____ Records shown

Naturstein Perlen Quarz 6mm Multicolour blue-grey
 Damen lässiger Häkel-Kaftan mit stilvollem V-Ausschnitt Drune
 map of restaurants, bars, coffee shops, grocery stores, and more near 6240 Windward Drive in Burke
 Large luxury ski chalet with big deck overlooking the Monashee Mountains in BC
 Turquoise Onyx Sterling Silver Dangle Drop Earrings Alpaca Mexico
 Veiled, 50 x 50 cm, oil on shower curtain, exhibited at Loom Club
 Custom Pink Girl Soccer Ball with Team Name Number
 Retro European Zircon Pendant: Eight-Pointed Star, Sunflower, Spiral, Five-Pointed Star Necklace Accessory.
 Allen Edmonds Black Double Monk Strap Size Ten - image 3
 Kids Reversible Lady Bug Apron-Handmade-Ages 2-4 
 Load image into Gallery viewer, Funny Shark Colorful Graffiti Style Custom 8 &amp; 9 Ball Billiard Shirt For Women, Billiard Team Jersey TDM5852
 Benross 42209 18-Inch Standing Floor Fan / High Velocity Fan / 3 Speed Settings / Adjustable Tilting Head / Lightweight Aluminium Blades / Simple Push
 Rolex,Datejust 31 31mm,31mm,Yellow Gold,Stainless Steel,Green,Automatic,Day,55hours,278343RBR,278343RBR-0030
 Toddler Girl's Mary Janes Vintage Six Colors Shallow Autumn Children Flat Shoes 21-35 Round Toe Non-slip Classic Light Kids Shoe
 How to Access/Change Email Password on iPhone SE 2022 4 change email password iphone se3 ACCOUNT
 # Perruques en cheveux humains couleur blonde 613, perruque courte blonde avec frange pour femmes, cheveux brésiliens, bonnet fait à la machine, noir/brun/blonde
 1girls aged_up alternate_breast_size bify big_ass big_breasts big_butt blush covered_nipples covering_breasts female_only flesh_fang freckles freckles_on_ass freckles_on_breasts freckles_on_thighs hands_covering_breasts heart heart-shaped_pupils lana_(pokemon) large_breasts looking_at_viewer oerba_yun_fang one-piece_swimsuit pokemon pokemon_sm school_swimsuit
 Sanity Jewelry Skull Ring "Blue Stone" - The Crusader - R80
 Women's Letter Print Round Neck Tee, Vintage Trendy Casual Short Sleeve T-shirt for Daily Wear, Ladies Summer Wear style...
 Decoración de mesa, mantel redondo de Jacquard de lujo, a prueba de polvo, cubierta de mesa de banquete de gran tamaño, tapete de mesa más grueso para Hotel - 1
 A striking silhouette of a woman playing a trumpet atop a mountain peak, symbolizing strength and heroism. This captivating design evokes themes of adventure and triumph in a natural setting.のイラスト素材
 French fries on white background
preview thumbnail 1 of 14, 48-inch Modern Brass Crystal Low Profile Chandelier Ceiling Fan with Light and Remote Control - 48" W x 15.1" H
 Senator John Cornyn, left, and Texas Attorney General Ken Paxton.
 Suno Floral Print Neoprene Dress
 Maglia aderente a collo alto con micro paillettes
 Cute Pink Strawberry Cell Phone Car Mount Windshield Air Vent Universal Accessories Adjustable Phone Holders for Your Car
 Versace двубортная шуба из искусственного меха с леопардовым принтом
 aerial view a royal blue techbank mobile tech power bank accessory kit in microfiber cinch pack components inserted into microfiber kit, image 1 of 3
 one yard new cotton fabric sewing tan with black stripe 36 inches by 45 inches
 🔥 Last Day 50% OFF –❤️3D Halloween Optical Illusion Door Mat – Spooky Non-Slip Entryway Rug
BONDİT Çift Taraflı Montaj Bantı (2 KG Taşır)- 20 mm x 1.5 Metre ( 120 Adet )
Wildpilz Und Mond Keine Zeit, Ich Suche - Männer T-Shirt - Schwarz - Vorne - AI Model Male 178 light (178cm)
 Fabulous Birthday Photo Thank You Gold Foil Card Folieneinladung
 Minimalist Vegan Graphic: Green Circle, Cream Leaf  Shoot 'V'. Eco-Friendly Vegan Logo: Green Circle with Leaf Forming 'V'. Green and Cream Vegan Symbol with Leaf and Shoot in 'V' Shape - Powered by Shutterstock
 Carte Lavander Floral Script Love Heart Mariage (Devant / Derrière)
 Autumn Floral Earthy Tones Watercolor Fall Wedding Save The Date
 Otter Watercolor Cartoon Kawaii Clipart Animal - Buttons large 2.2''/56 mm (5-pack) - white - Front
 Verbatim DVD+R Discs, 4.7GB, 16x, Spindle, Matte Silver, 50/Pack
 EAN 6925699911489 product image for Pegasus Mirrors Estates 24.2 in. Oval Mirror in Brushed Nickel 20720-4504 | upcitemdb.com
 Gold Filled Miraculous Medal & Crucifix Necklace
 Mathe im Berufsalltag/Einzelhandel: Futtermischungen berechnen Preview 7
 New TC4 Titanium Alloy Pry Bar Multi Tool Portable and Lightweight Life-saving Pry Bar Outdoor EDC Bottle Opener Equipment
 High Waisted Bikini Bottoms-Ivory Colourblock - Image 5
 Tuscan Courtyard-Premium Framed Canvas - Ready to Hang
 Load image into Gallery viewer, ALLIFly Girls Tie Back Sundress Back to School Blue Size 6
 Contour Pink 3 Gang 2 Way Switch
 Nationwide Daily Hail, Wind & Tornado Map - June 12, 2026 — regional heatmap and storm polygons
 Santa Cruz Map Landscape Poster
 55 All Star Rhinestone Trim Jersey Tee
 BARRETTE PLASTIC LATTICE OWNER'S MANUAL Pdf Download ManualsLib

________

Task instructions:
Your task is to quote all of the data word for word.

Finished task:
Naturstein Perlen Quarz 6mm Multicolour blue-grey
 Damen lässiger Häkel-Kaftan mit stilvollem V-Ausschnitt Drune
 map of restaurants, bars, coffee shops, grocery stores, and more near 6240 Windward Drive in Burke
 Large luxury ski chalet with big deck overlooking the Monashee Mountains in BC
 Turquoise Onyx Sterling Silver Dangle Drop Earrings Alpaca Mexico
 Veiled, 50 x 50 cm, oil on shower curtain, exhibited at Loom Club
 Custom Pink Girl Soccer Ball with Team Name Number
 Retro European Zircon Pendant: Eight-Pointed Star, Sunflower, Spiral, Five-Pointed Star Necklace Accessory.
 Allen Edmonds Black Double Monk Strap Size Ten - image 3
 Kids Reversible Lady Bug Apron-Handmade-Ages 2-4 
 Load image into Gallery viewer, Funny Shark Colorful Graffiti Style Custom 8 &amp; 9 Ball Billiard Shirt For Women, Billiard Team Jersey TDM5852
 Benross 42209 18-Inch Standing Floor Fan / High Velocity Fan / 3 Speed Settings / Adjustable Tilting Head / Lightweight Aluminium Blades / Simple Push
 Rolex,Datejust 31 31mm,31mm,Yellow Gold,Stainless Steel,Green,Automatic,Day,55hours,278343RBR,278343RBR-0030
 Toddler Girl's Mary Janes Vintage Six Colors Shallow Autumn Children Flat Shoes 21-35 Round Toe Non-slip Classic Light Kids Shoe
 How to Access/Change Email Password on iPhone SE 2022 4 change email password iphone se3 ACCOUNT
 # Perruques en cheveux humains couleur blonde 613, perruque courte blonde avec frange pour femmes, cheveux brésiliens, bonnet fait à la machine, noir/brun/blonde
 1girls aged_up alternate_breast_size bify big_ass big_breasts big_butt blush covered_nipples covering_breasts female_only flesh_fang freckles freckles_on_ass freckles_on_breasts freckles_on_thighs hands_covering_breasts heart heart-shaped_pupils lana_(pokemon) large_breasts looking_at_viewer oerba_yun_fang one-piece_swimsuit pokemon pokemon_sm school_swimsuit
 Sanity Jewelry Skull Ring "Blue Stone" - The Crusader - R80
 Women's Letter Print Round Neck Tee, Vintage Trendy Casual Short Sleeve T-shirt for Daily Wear, Ladies Summer Wear style...
 Decoración de mesa, mantel redondo de Jacquard de lujo, a prueba de polvo, cubierta de mesa de banquete de gran tamaño, tapete de mesa más grueso para Hotel - 1
 A striking silhouette of a woman playing a trumpet atop a mountain peak, symbolizing strength and heroism. This captivating design evokes themes of adventure and triumph in a natural setting.のイラスト素材
 French fries on white background
preview thumbnail 1 of 14, 48-inch Modern Brass Crystal Low Profile Chandelier Ceiling Fan with Light and Remote Control - 48" W x 15.1" H
 Senator John Cornyn, left, and Texas Attorney General Ken Paxton.
 Suno Floral Print Neoprene Dress
 Maglia aderente a collo alto con micro paillettes
 Cute Pink Strawberry Cell Phone Car Mount Windshield Air Vent Universal Accessories Adjustable Phone Holders for Your Car
 Versace двубортная шуба из искусственного меха с леопардовым принтом
 aerial view a royal blue techbank mobile tech power bank accessory kit in microfiber cinch pack components inserted into microfiber kit, image 1 of 3
 one yard new cotton fabric sewing tan with black stripe 36 inches by 45 inches
 🔥 Last Day 50% OFF –❤️3D Halloween Optical Illusion Door Mat – Spooky Non-Slip Entryway Rug
BONDİT Çift Taraflı Montaj Bantı (2 KG Taşır)- 20 mm x 1.5 Metre ( 120 Adet )
Wildpilz Und Mond Keine Zeit, Ich Suche - Männer T-Shirt - Schwarz - Vorne - AI Model Male 178 light (178cm)
 Fabulous Birthday Photo Thank You Gold Foil Card Folieneinladung
 Minimalist Vegan Graphic: Green Circle, Cream Leaf  Shoot 'V'. Eco-Friendly Vegan Logo: Green Circle with Leaf Forming 'V'. Green and Cream Vegan Symbol with Leaf and Shoot in 'V' Shape - Powered by Shutterstock
 Carte Lavander Floral Script Love Heart Mariage (Devant / Derrière)
 Autumn Floral Earthy Tones Watercolor Fall Wedding Save The Date
 Otter Watercolor Cartoon Kawaii Clipart Animal - Buttons large 2.2''/56 mm (5-pack) - white - Front
 Verbatim DVD+R Discs, 4.7GB, 16x, Spindle, Matte Silver, 50/Pack
 EAN 6925699911489 product image for Pegasus Mirrors Estates 24.2 in. Oval Mirror in Brushed Nickel 20720-4504 | upcitemdb.com
 Gold Filled Miraculous Medal & Crucifix Necklace
 Mathe im Berufsalltag/Einzelhandel: Futtermischungen berechnen Preview 7
 New TC4 Titanium Alloy Pry Bar Multi Tool Portable and Lightweight Life-saving Pry Bar Outdoor EDC Bottle Opener Equipment
 High Waisted Bikini Bottoms-Ivory Colourblock - Image 5
 Tuscan Courtyard-Premium Framed Canvas - Ready to Hang
 Load image into Gallery viewer, ALLIFly Girls Tie Back Sundress Back to School Blue Size 6
 Contour Pink 3 Gang 2 Way Switch
 Nationwide Daily Hail, Wind & Tornado Map - June 12, 2026 — regional heatmap and storm polygons
 Santa Cruz Map Landscape Poster
 55 All Star Rhinestone Trim Jersey Tee
 BARRETTE PLASTIC LATTICE OWNER'S MANUAL Pdf Download ManualsLib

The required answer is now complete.